Her hands flew to her mouth. What could she have said? Too much? She hated that he was on top of everything and always knew ay too much. She hated that and felt anger inside, hidden, start to boil.
"What did I say?" she asked wanting to know the answer and not wanting to at the same time.
"Do you really want to know?" he asked with a real serious face.
"Yes," she nodded with fear. She had to cover it somehow so she said, "I want to know whether I'm lying or not, you know it could be mumble jumble just from dreams."
"You broke your mother's favorite ceramic mug and blamed it on your father, your muggle friend Tommy was so mean to you pulled his hair so hard you took chunks with you and you once fed tuna fish to ducks because your mother told you not to."

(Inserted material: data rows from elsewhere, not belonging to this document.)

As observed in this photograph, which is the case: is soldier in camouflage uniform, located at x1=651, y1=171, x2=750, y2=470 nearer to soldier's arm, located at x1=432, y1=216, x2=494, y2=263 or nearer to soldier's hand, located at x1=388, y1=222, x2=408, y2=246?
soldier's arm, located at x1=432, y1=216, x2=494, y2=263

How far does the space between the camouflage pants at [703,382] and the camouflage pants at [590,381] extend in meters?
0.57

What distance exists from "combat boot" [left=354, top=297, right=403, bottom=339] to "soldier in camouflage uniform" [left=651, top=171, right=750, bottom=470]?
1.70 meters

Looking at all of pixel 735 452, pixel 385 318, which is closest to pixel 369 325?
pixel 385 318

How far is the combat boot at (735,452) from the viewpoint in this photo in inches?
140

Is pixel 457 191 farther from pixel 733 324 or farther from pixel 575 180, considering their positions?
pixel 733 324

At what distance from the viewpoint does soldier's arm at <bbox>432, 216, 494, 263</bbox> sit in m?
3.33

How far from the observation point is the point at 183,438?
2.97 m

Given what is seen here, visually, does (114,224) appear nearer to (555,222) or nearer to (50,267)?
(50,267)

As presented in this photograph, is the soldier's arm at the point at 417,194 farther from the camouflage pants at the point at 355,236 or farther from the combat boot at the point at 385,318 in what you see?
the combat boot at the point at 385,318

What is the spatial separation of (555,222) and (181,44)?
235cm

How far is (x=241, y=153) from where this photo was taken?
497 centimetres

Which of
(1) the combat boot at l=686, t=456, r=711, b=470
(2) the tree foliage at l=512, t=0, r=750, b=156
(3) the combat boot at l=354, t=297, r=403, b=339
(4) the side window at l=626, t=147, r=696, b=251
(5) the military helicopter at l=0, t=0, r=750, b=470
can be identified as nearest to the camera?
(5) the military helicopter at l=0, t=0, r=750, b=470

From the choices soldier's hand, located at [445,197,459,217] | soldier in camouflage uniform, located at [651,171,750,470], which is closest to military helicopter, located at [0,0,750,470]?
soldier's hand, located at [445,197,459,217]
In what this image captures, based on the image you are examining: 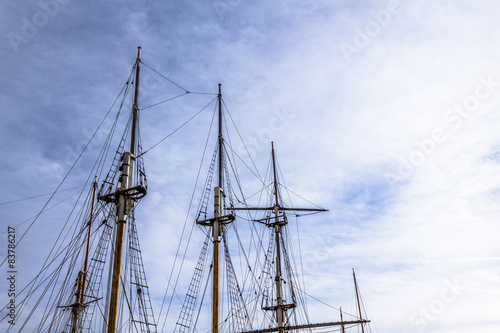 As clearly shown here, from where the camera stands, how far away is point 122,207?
1108 inches

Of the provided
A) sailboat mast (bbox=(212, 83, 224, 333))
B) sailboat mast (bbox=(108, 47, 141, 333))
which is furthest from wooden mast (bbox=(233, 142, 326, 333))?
sailboat mast (bbox=(108, 47, 141, 333))

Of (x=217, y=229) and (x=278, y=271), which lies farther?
(x=278, y=271)

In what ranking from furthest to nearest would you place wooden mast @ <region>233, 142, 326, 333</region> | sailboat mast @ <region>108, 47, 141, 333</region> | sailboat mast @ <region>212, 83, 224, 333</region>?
wooden mast @ <region>233, 142, 326, 333</region>, sailboat mast @ <region>212, 83, 224, 333</region>, sailboat mast @ <region>108, 47, 141, 333</region>

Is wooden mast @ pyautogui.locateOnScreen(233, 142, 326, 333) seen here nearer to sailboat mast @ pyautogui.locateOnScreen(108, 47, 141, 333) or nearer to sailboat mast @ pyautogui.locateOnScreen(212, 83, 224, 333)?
sailboat mast @ pyautogui.locateOnScreen(212, 83, 224, 333)

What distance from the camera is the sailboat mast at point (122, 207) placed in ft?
79.7

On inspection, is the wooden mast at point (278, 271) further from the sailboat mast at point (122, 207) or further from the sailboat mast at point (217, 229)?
the sailboat mast at point (122, 207)

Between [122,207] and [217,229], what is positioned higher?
[217,229]

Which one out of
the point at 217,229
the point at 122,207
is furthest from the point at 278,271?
the point at 122,207

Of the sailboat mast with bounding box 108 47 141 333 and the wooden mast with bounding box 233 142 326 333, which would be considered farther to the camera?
the wooden mast with bounding box 233 142 326 333

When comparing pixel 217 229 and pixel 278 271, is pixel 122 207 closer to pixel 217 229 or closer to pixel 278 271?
pixel 217 229

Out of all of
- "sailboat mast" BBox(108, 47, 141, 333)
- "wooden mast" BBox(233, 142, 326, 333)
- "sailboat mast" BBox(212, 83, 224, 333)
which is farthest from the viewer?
"wooden mast" BBox(233, 142, 326, 333)

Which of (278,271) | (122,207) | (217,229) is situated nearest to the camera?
(122,207)

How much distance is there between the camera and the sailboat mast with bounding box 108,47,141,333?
24284 mm

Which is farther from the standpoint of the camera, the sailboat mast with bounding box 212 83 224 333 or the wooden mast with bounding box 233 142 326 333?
the wooden mast with bounding box 233 142 326 333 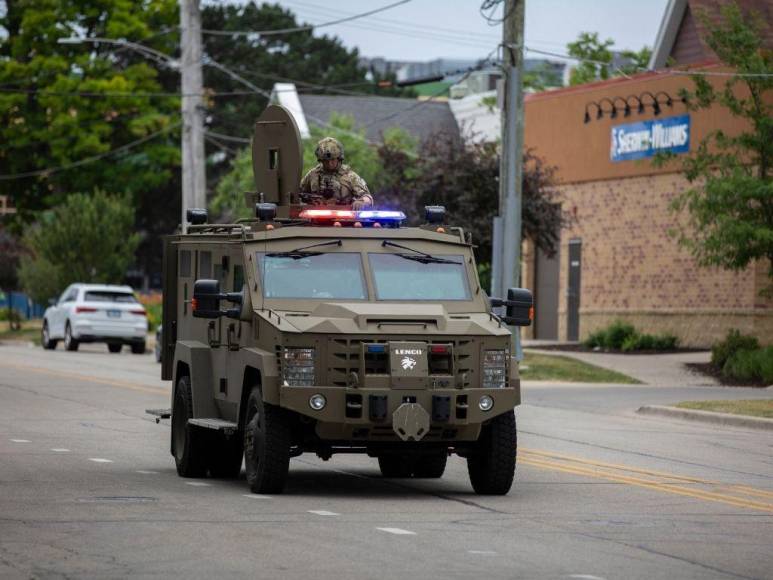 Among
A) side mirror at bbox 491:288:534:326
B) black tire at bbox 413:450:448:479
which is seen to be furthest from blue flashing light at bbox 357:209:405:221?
black tire at bbox 413:450:448:479

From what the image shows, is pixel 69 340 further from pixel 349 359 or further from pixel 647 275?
pixel 349 359

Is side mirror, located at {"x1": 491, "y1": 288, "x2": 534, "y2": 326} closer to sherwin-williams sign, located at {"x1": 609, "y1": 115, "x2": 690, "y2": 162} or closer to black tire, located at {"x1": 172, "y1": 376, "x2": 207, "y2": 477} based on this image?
black tire, located at {"x1": 172, "y1": 376, "x2": 207, "y2": 477}

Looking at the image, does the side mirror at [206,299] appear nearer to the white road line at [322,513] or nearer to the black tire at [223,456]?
the black tire at [223,456]

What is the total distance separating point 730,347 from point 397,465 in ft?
64.4

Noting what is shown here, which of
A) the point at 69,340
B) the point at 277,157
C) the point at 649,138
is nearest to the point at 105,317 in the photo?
the point at 69,340

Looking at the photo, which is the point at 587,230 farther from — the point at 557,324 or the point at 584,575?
the point at 584,575

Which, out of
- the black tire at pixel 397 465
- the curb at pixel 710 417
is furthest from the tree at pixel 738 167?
the black tire at pixel 397 465

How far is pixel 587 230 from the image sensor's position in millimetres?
43844

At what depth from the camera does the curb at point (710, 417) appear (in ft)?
76.0

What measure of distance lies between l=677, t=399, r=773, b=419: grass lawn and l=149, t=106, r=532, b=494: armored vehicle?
31.0 feet

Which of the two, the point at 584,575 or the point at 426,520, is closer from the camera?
the point at 584,575

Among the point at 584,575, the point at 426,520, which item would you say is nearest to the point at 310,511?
the point at 426,520

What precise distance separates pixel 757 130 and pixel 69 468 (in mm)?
20247

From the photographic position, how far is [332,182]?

Her mouth dropped. So maybe she was having one too many one-sided conversations in her sleep and he had heard.
"So many I do talk too much like you once told me in detention."
"Yes."
"Well," she tried to save herself, "He got what was coming to him."
"I bet." He answered. He ate his food while she watched with satisfaction. She was still fascinated with the whole teachers have lives besides teaching in the classroom. She didn't think she'd ever get over it.
"Why are you staring? Do you want some?"
She shook her head in decline holding up a hand knowing her stomach couldn't handle it. "No, I'm not staring because I am hungry, it just doesn't cease to amaze me that you do normal things like cook."
"You are such a child, when are you going to grow up?"
"I don't know, maybe someday but not right now. You need to be very carefree in times like these, you know?"
"You mean careful?" he automatically corrected.
"Yeah," she said as an afterthought, "That too." She tapped her knuckles on the table three times, "Let me bathe then I'll clean or something. I don't know." She shrugged feeling just how tight her neck and shoulders were. She rolled them twice.
"Why?" he asked.
"I have to do something. If I wanted to do nothing I would've stayed with my mum and dad, you should feel special."
He gave her a ridiculous look and she burst out in giggles making herself feel a little better, a little of her mood lifted.
She stood up and even though she wobbled she headed into the next room and gingerly up the steps.